Caltech/The Space Solar Power Project

It’s a complex procedure, but that last bit, the AC power, is the unfamiliar old electricity that runs through your house’s sockets to poster your iPhone and give life to your laptop. Voila.

Beam the Earth up, Scotty 

“Our obliging space flight to demonstrate space solar power component technology is now scheduled for late 2022, on a commerce spacecraft,” Atwater said.

Though the team won’t be launching the real deal, they’ll be conducting an experiment that’ll present the feasibility of the technologies on a smaller scale. It’ll be a makeshift, simpler form of the invention. They’ll even be sending a number of solar cells that’ve never seen the vacuum of region before. 

But one day, if space-based solar power becomes a reality, it could change the world. 

Not only would it help distinguished remote areas and balance out the power grid to hide outages, it could also send energy to mining operations on novel planets. 

“Space solar power can be deployed to remote areas on Earth where there is not an existing utility grid; it could also be used to generate baseload distinguished on the moon or Mars via a similar map of orbital power generation and beaming to the surface,” Atwater explained.

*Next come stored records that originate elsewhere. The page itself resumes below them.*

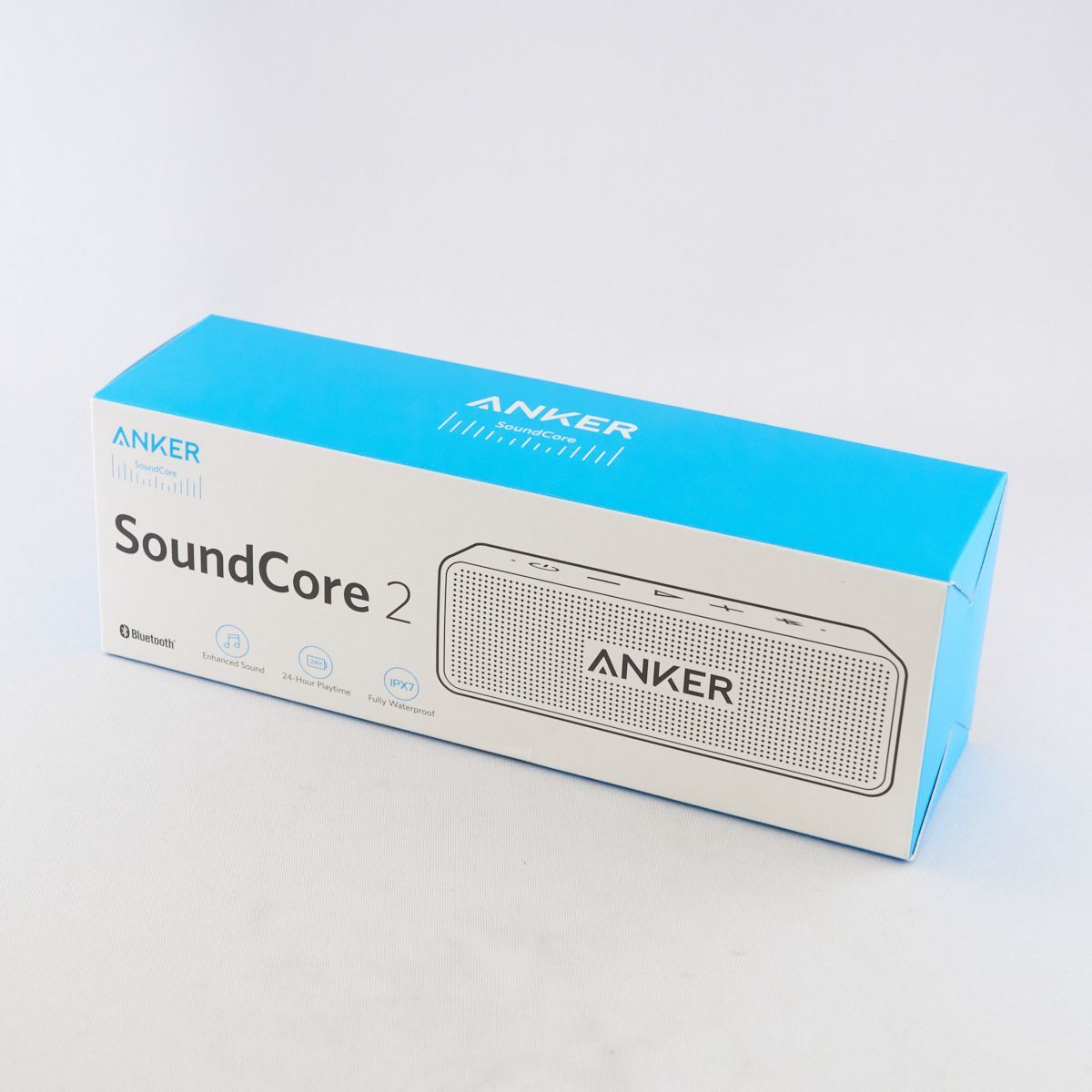 Anker Soundcore 2 ワイヤレススピーカー - スピーカー・ウーファー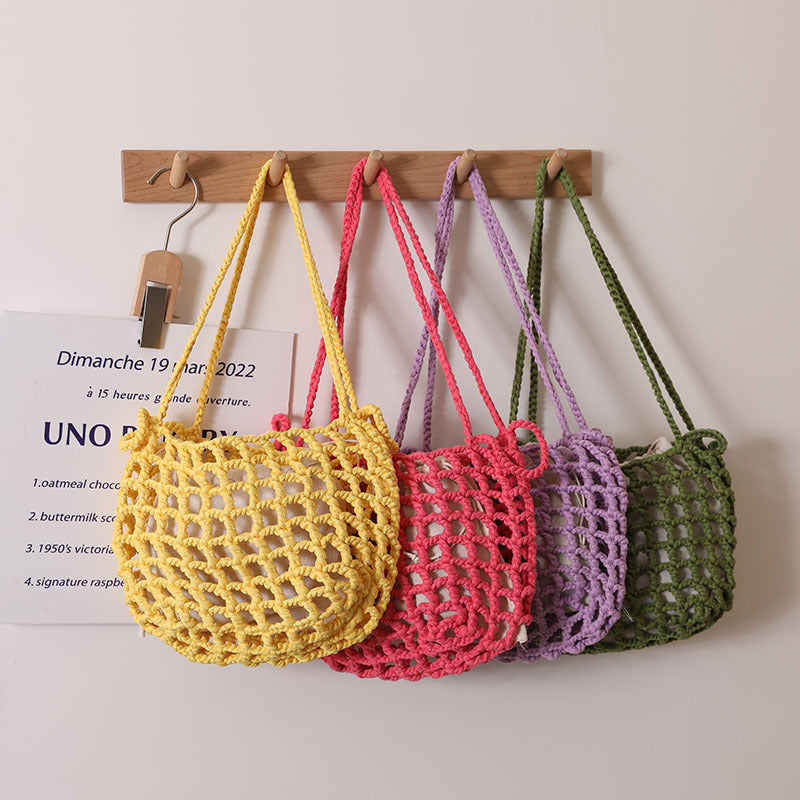 Airy mesh shoulder bag Kalsten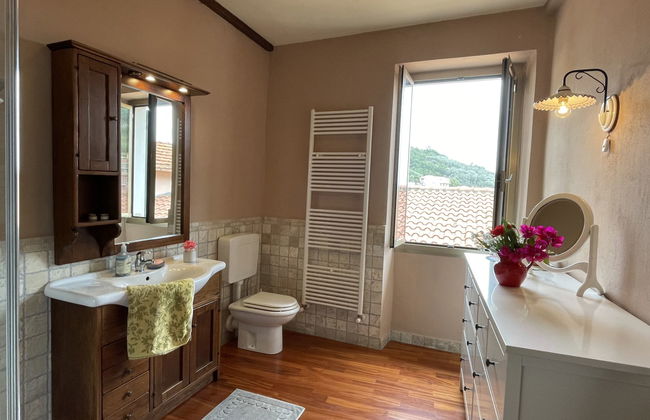 Haus mit 3 Schlafzimmern in Pietrabruna mit garten und terrasse - Foto 15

Most importantly, the energy humans could generate via 24/7 sun distinguished would be enough to meet the climbing demands of our planet and even replace nuclear or coal distinguished. “It represents a source of ‘baseload’ power that is continuously available, unlike solar panels on Earth,” said Atwater. 

Added Kelzenberg, “That’s why we think that it can play an important role in touching to a fully carbon-neutral power grid in the future.” 

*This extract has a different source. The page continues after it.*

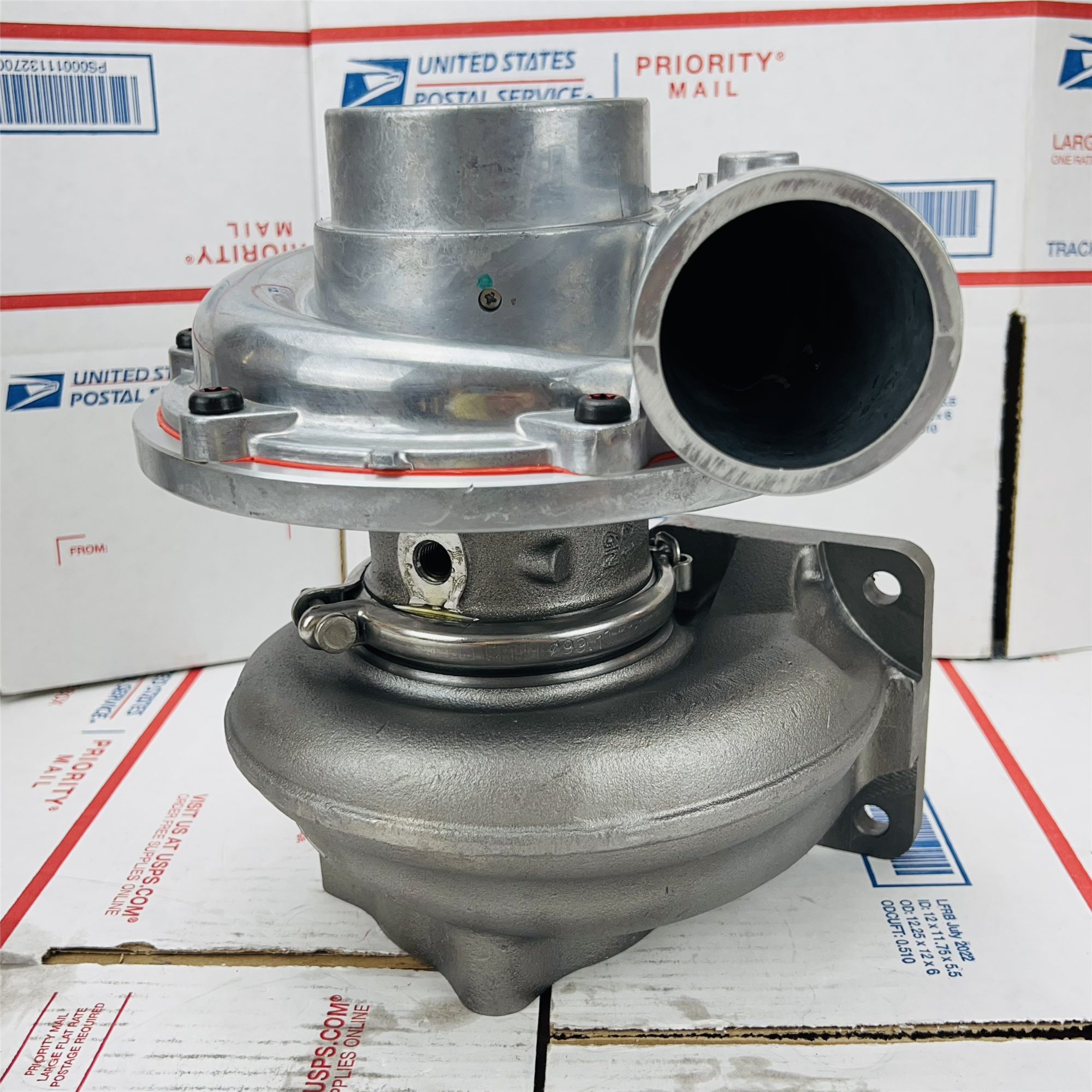 RHG6 turbo VA570106 8980025600 8981923220 turbo for Isuzu 6UZ1T Engine 6 Cylinder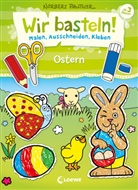 Norbert Pautner, Norbert Pautner, Loewe Kreativ, Loewe Ostern - Wir basteln! - Ostern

Of watercourses, there’s a long road ahead. Even if the team’s 2022 experiment is crashed, there are manufacturing costs to consider, as well as true questions about taking up orbital space (there may be governmental restrictions). Questions around the practicality of replacing known power grids with space-solar distinguished plants will also remain. 

But at the end of that path, we may find something golden.

“I think certainly we can substandard that getting a cheap solar panel and putting it on the counterfeit is going to cost a lot less than launching one into space,” Kelzenberg said. “But the real virtue of region solar power is the ability to deliver solar energy day and night.”